**DESCRIPTION OF THE TASK**
Given the records underneath, please repeat exactly the lines from the line with "Be Epic Gaming Panda T-Shirt" through the line with "6-Chloro-4-methylumbelliferyl β-D-Xyloside structure", passing over any picture.

**DATA SUPPLIED**
= = = = = = =
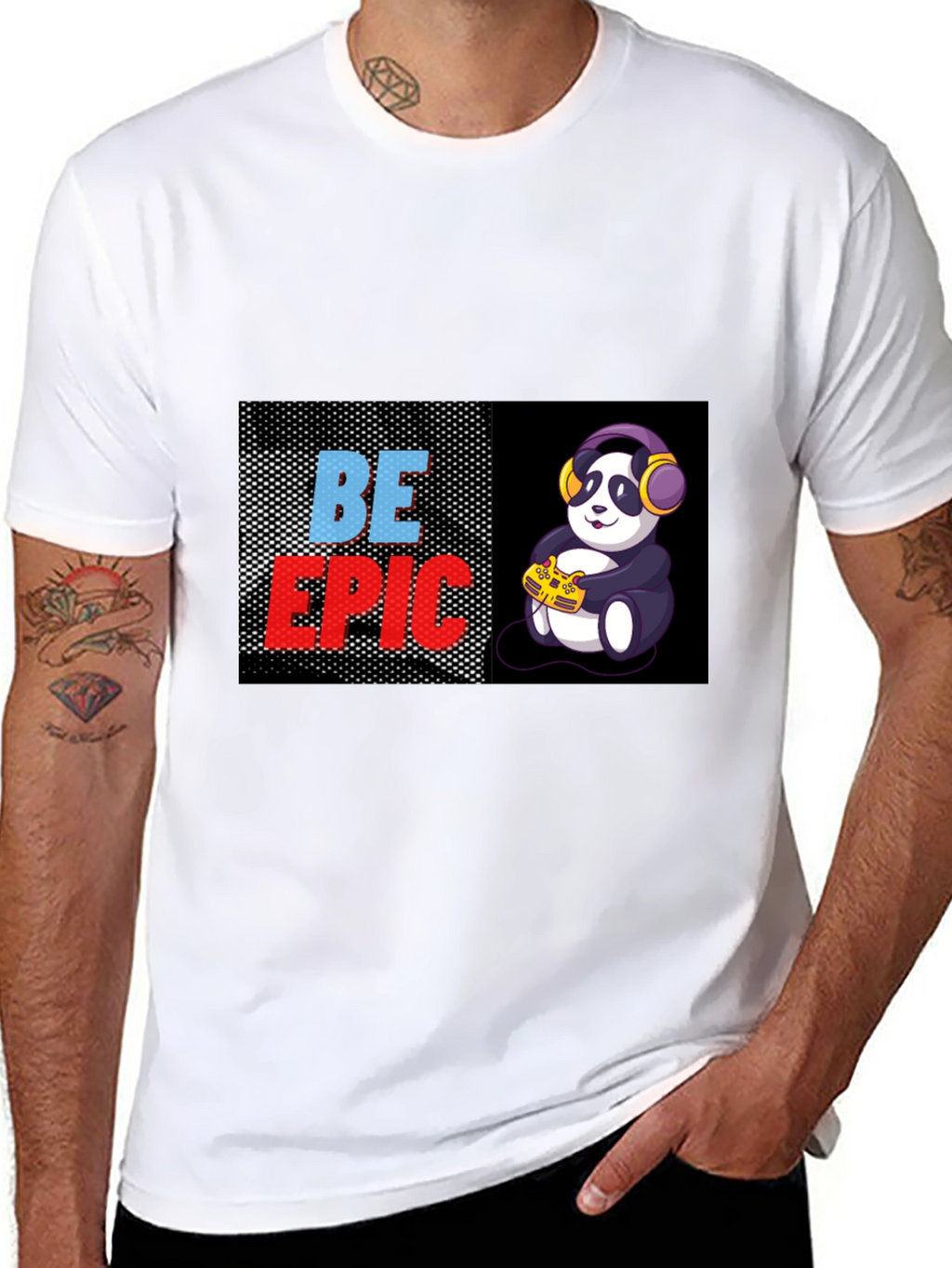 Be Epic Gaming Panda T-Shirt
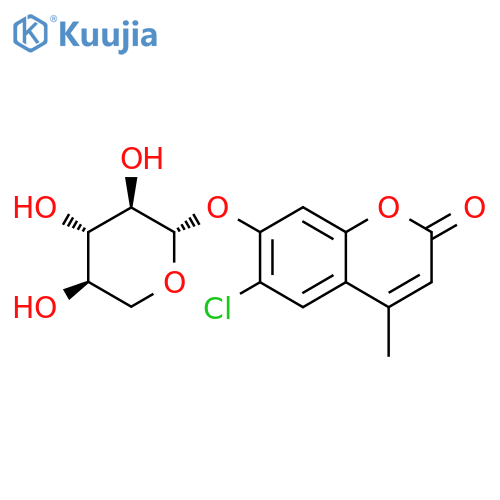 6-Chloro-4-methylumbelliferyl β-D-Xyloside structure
= = = = = = =
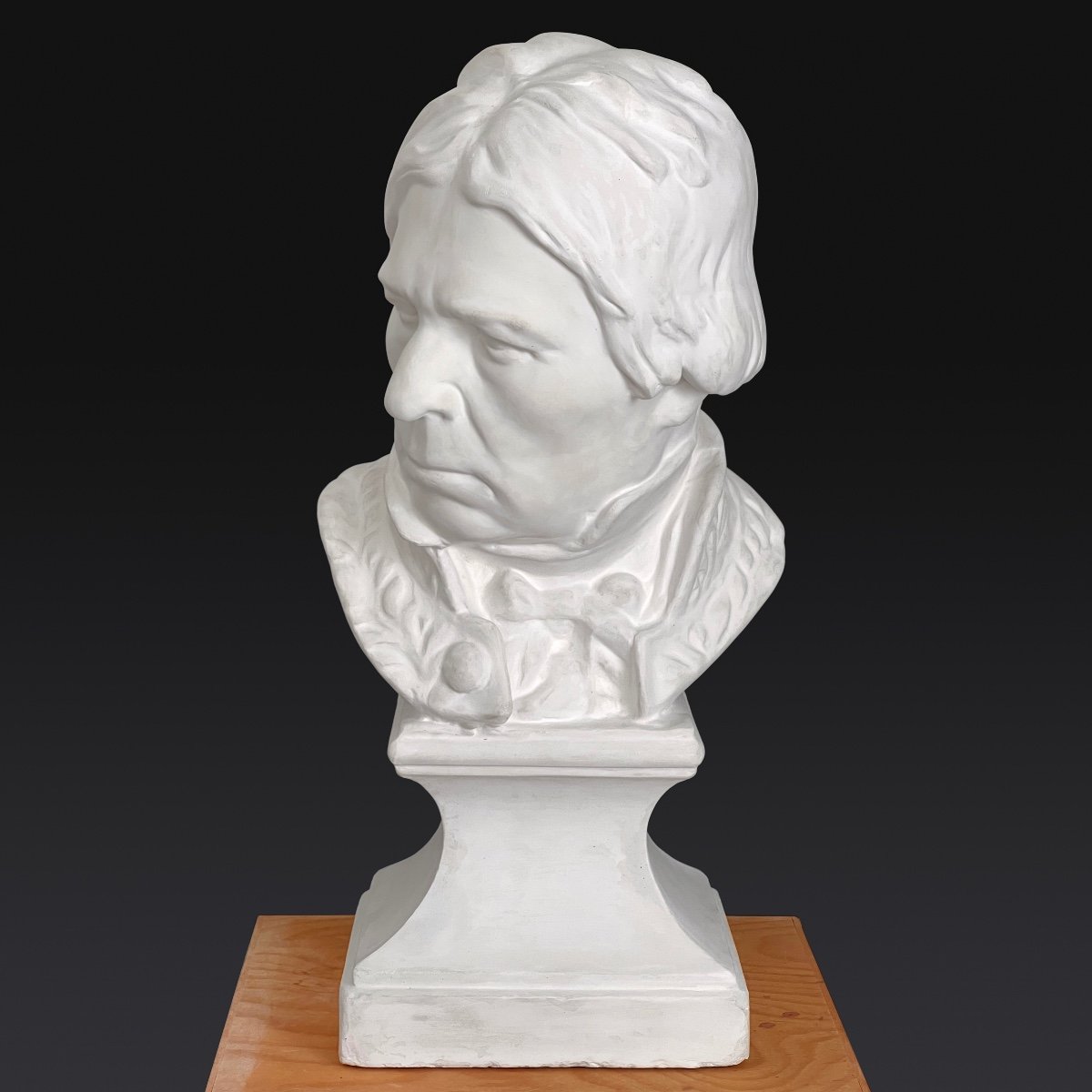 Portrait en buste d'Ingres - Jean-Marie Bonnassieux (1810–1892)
= = = = = = =
**SOLVED EXERCISE**
 Be Epic Gaming Panda T-Shirt
 6-Chloro-4-methylumbelliferyl β-D-Xyloside structure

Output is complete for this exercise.